● **What needs to be done**
All the data must be output exactly as given.

Stored data:
************
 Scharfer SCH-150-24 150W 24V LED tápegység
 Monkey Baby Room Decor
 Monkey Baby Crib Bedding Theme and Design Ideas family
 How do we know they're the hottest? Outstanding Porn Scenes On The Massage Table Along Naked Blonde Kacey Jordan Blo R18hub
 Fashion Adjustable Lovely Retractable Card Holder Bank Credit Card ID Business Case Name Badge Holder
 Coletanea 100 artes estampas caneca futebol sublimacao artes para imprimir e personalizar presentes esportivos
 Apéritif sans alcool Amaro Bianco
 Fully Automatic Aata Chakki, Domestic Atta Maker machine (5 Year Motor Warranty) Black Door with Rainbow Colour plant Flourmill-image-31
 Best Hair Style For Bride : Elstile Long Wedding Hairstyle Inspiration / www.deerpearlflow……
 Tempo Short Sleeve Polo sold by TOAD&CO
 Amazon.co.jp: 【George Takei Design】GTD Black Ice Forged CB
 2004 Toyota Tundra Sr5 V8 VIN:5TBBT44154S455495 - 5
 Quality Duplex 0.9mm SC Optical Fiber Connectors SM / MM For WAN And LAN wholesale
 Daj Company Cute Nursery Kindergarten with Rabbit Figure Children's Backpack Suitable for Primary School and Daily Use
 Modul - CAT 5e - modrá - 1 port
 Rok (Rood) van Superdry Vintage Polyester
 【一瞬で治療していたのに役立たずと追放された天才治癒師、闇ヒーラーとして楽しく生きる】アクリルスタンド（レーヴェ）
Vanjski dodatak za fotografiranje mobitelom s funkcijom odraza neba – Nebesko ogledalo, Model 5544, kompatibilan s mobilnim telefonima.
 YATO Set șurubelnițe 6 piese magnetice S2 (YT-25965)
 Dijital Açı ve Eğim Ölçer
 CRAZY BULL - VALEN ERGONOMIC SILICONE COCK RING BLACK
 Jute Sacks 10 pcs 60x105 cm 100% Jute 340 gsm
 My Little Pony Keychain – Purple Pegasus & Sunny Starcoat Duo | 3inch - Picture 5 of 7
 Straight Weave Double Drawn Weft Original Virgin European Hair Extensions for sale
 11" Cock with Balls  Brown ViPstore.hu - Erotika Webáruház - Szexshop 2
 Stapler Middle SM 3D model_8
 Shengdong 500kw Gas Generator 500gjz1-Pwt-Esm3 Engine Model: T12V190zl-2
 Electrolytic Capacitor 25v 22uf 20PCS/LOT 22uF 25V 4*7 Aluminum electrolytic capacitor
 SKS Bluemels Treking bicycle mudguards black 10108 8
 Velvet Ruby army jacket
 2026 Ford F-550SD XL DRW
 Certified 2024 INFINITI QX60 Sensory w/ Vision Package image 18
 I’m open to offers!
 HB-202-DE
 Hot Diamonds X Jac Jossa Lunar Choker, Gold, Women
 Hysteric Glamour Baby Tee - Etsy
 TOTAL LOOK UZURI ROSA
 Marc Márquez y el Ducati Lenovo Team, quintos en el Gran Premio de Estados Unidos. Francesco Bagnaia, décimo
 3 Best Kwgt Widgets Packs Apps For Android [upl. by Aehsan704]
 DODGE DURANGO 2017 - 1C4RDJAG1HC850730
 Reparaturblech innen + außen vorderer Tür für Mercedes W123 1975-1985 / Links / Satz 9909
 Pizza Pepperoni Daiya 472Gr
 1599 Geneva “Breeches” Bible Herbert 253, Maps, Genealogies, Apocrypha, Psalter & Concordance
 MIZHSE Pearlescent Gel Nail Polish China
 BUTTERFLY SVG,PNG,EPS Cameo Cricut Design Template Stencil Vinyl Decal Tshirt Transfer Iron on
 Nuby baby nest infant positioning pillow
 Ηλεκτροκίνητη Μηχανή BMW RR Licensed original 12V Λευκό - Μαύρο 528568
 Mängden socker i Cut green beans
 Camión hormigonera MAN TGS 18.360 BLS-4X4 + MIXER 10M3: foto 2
************
● **Solution to this exercise**
 Scharfer SCH-150-24 150W 24V LED tápegység
 Monkey Baby Room Decor
 Monkey Baby Crib Bedding Theme and Design Ideas family
 How do we know they're the hottest? Outstanding Porn Scenes On The Massage Table Along Naked Blonde Kacey Jordan Blo R18hub
 Fashion Adjustable Lovely Retractable Card Holder Bank Credit Card ID Business Case Name Badge Holder
 Coletanea 100 artes estampas caneca futebol sublimacao artes para imprimir e personalizar presentes esportivos
 Apéritif sans alcool Amaro Bianco
 Fully Automatic Aata Chakki, Domestic Atta Maker machine (5 Year Motor Warranty) Black Door with Rainbow Colour plant Flourmill-image-31
 Best Hair Style For Bride : Elstile Long Wedding Hairstyle Inspiration / www.deerpearlflow……
 Tempo Short Sleeve Polo sold by TOAD&CO
 Amazon.co.jp: 【George Takei Design】GTD Black Ice Forged CB
 2004 Toyota Tundra Sr5 V8 VIN:5TBBT44154S455495 - 5
 Quality Duplex 0.9mm SC Optical Fiber Connectors SM / MM For WAN And LAN wholesale
 Daj Company Cute Nursery Kindergarten with Rabbit Figure Children's Backpack Suitable for Primary School and Daily Use
 Modul - CAT 5e - modrá - 1 port
 Rok (Rood) van Superdry Vintage Polyester
 【一瞬で治療していたのに役立たずと追放された天才治癒師、闇ヒーラーとして楽しく生きる】アクリルスタンド（レーヴェ）
Vanjski dodatak za fotografiranje mobitelom s funkcijom odraza neba – Nebesko ogledalo, Model 5544, kompatibilan s mobilnim telefonima.
 YATO Set șurubelnițe 6 piese magnetice S2 (YT-25965)
 Dijital Açı ve Eğim Ölçer
 CRAZY BULL - VALEN ERGONOMIC SILICONE COCK RING BLACK
 Jute Sacks 10 pcs 60x105 cm 100% Jute 340 gsm
 My Little Pony Keychain – Purple Pegasus & Sunny Starcoat Duo | 3inch - Picture 5 of 7
 Straight Weave Double Drawn Weft Original Virgin European Hair Extensions for sale
 11" Cock with Balls  Brown ViPstore.hu - Erotika Webáruház - Szexshop 2
 Stapler Middle SM 3D model_8
 Shengdong 500kw Gas Generator 500gjz1-Pwt-Esm3 Engine Model: T12V190zl-2
 Electrolytic Capacitor 25v 22uf 20PCS/LOT 22uF 25V 4*7 Aluminum electrolytic capacitor
 SKS Bluemels Treking bicycle mudguards black 10108 8
 Velvet Ruby army jacket
 2026 Ford F-550SD XL DRW
 Certified 2024 INFINITI QX60 Sensory w/ Vision Package image 18
 I’m open to offers!
 HB-202-DE
 Hot Diamonds X Jac Jossa Lunar Choker, Gold, Women
 Hysteric Glamour Baby Tee - Etsy
 TOTAL LOOK UZURI ROSA
 Marc Márquez y el Ducati Lenovo Team, quintos en el Gran Premio de Estados Unidos. Francesco Bagnaia, décimo
 3 Best Kwgt Widgets Packs Apps For Android [upl. by Aehsan704]
 DODGE DURANGO 2017 - 1C4RDJAG1HC850730
 Reparaturblech innen + außen vorderer Tür für Mercedes W123 1975-1985 / Links / Satz 9909
 Pizza Pepperoni Daiya 472Gr
 1599 Geneva “Breeches” Bible Herbert 253, Maps, Genealogies, Apocrypha, Psalter & Concordance
 MIZHSE Pearlescent Gel Nail Polish China
 BUTTERFLY SVG,PNG,EPS Cameo Cricut Design Template Stencil Vinyl Decal Tshirt Transfer Iron on
 Nuby baby nest infant positioning pillow
 Ηλεκτροκίνητη Μηχανή BMW RR Licensed original 12V Λευκό - Μαύρο 528568
 Mängden socker i Cut green beans
 Camión hormigonera MAN TGS 18.360 BLS-4X4 + MIXER 10M3: foto 2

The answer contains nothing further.